Provost Altmann: “This is exactly what I was hoping to find”

Barbara Bell, News Editor

Barbara Altmann has only been on campus in her new position as the University’s provost since Aug. 1, but after a mere five weeks in Lewisburg, she comfortably and confidently says, “I know I’ve found the job that I was looking for.”

The University formally hired Altmann, who previously held a senior provostial position at the University of Oregon, in spring semester 2015 after former provost Mick Smyer announced he was taking a sabbatical year.

Altmann emerged as the strongest candidate from the pool and brings with her a self-described “broad-based [academic] interest and wide-ranging intellectual curiosity.”

Among those broad-based interests was an early appreciation for medieval literature in her undergraduate career. Altmann holds her degree in medieval French language and literature and has also studied French culture and gender representation.

“I was always encouraged to follow my passions in the things that grabbed my attention, and medieval studies is a great field to come up through. It’s very interdisciplinary. I’ve studied all kinds of work: art history, social and political history, material artifacts, manuscripts, linguistics, and language,” Altmann said.

Clearly, Altmann is a champion of the liberal arts, and admits that her own undergraduate experience at a research-intensive institution was “unanimous.”

“I didn’t get much mentoring, so I had to find my own way. Having now learned about Bucknell University, I look backwards and I think how much I would have benefitted from this kind of environment, where you can explore with good guides, with professors who will talk things through with you so you’re not on your own,” Altmann said.

Altmann still pays great gratitude to her collegiate experience as an active researcher/writer, but she says the University’s enthusiasm and humanistic approach is one of the reasons she decided, very recently, to spend a piece of her career at a fine liberal arts school. Part of her new role as provost is to provide this insight to her students.

“The position of provost is unique,” Altmann said. “There is only one!”

While Altmann admits that the provost is a hard position to define, she says that the easiest catch phrase for it is that “the provost is the chief academic officer of the University. The academic side of the institution, the integrity of the students and faculty, are the responsibilities of the provost.” 

While the president of a university these days is mostly “an outward facing entity,” the provost, in turn, “is more often turned inward.” Altmann jokes that a provost is doing her job if she is virtually rendered invisible.
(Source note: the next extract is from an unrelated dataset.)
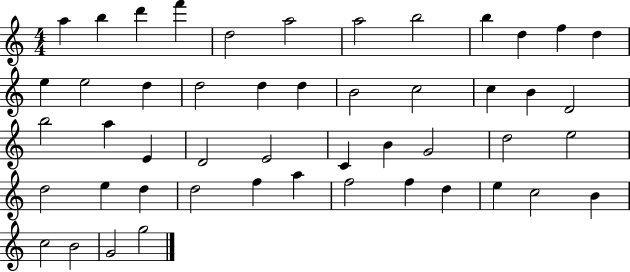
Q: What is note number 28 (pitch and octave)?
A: E4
“It’s one of those great jobs where you get to help people realize their potential,” Altmann said.

Altmann described her excitement of joining the University community and discussed the timing of her arrival on campus.

“Bucknell is at a really great moment in its evolution. It’s the richest year in terms of diversity of faculty and student body. Both incoming cohorts are really wonderfully diverse and mixed in their backgrounds, enthusiasms, and areas of expertise, so it’s a great time to land here. I’ve come right at a moment where we’re trying to figure out how to build a college of management, for example, and that’s legitimately a big, important, difficult task; it’s not something that can be done quickly or without a lot of careful thought,” Altmann said.

What Altmann tries to ask herself is “how do you do that well at a university with a liberal arts core?”

Altmann also touched upon her arrival in the midst of pertinent diversity issues, which surfaced last semester after disparaging racial slurs were made on a University radio station.

“Paradoxically, I was really proud to be joining an institution that just got right out in front of the issue and dealt with it publicly. There is insidious, damaging, hateful, racist behavior at every institution. I’ve had to work with students who have had to weather all kinds of nasty incidents, and faculty as well,” Altmann said.

What struck her, she said, was the enormous outpouring of support and concern on campus.

“I think it’s remarkable that within a couple of hours, people were talking about it publicly, rallying in numbers, and trying to put it in the context of Bucknell and large societal issues,” Altmann said.

If Altmann has any advice for her students, it’s this: “These are the four years that will set you up to make good choices, to think broadly, and to know that you can do anything you want to do because you’ve been well-trained. But, these years do not have to set you up for a particular professional trajectory. There doesn’t have to be a direct line between a major and a degree and we need to embrace that; you don’t have to have your life path chosen by the time you leave here.”

She uses her own kids as an example. “I’m worried about my kids even though they’ve landed on their feet!”

Altmann’s son, a French and Spanish major, is currently trying to make his living as a rapper in Los Angeles.

“I never could have predicted that for him,” Altmann said. “[But], he’s learned discipline, good analytical skills, the ability to communicate in several languages, all which makes him a much better writer and poet, so we’ll see what happens!”